From the beginning of his term, the president had vowed not to involve himself in the minutiae of the Middle East, disdaining the way his aides said President Clinton had turned Camp David into a hotel for envoys while trying to hammer out an agreement, placing his own prestige on the line in a futile effort.

Some officials said there continued to be talk in the administration today about selecting a special envoy to press Mr. Sharon and Mr. Abbas to make concessions to each other. But officials said a sense of futility pervaded even that discussion.

"How many special envoys have gone out there and had their reputations ruined?" asked an administration official. "Where are we going to find somebody willing to do it when the chances are so poor?"

Underlying the current crisis atmosphere was a growing realization that the administration's peace plan — the "road map" calling for a phased series of reciprocal steps leading to a Palestinian state — had itself become a focus of Israeli-Palestinian antagonism rather than a path to peace talks.

The road map was a novel approach adopted by Mr. Bush, partly out of a determination to deal with foreign crises differently from Mr. Clinton. It consisted of negotiating the steps in the road map plan over the last year, not with the Palestinians and the Israelis themselves, but with international partners — the United Nations, the European Union and Russia.

The administration's peace plan was worked out over many months by the so-called quartet, supported by three important Arab allies, Jordan, Egypt and Saudi Arabia.

Both the Palestinian and Israeli sides raised objections to the draft of the plan, but according to administration officials they were asked not to oppose it outright. The strategy was to get Europeans and Arabs involved in the process so they could help persuade the Palestinians to respond positively.

When Israel objected, the president was said to have assured Mr. Sharon that he would force a change in Palestinian leadership, replacing Yasir Arafat with someone more willing to crack down on violence, and that Israel would not have to take irreversible actions until violence subsided.

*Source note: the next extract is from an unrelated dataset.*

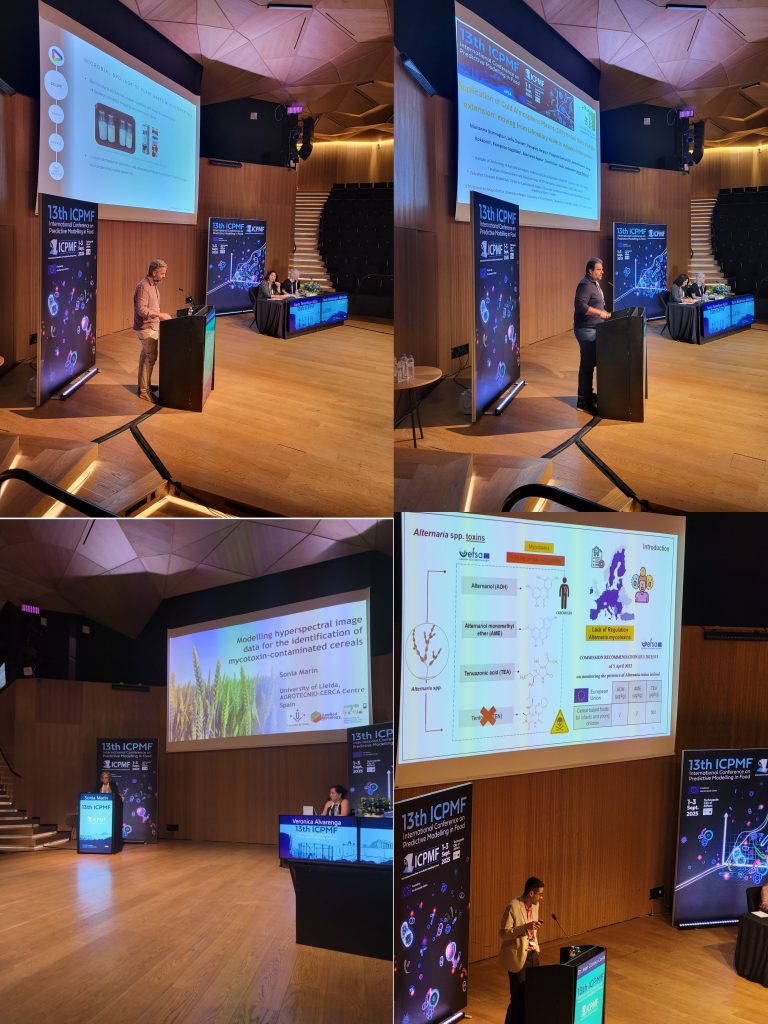 13th ICPMF International Conference 2025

With the end of the Iraq war, the administration published the plan. It has also been formally endorsed by the Palestinians and several Arab countries. Mr. Sharon has demurred.

Mr. Powell went to the region last week to try to get Israel and the Palestinians to take actions even in the absence of agreement on the road map. But according go administration officials, Mr. Abbas now says he cannot take any actions until Israel endorses the road map.

Meanwhile, the plan is drawing criticism from conservatives. Christian groups and some Jewish groups say it is unfair to Israel because it requires too much for too little in return.

To the dismay of many in the administration, the plan, which was supposed to facilitate peace, has become an impediment to it, in the process isolating Israel as opposing something favored by Europe, the United Nations, Russia, the American president and the Arab world.

Administration officials now say that they face a choice of abandoning the road map altogether and starting over, or somehow trying to persuade Israel to endorse it, perhaps by agreeing to some changes.

One official said that if there were changes to be made, there was no agreement on what form they would take. A way out of the dilemma, he said, would be to recall that there was always going to be a period of "public commentary" after the plan was published.

"One idea would be to announce that this period of public commentary is open," said the official. "From that, you begin to develop a public consensus to revise it and amend it, and make changes that will further empower the Palestinians and give the Israelis a sense of security."

From the sidelines, Mr. Bush is getting considerable free advice from Congress. Conservatives like the former House Speaker, Newt Gingrich, and Representative Tom DeLay, the House majority leader, have assailed the plan as unfair to Israel. Today, 44 House members voiced support for the plan in a letter to Mr. Bush. It was signed by a broad bipartisan group led by Representatives Darrell Issa of California, a Republican, and Louis Capps of California and David Price of North Carolina, who are Democrats.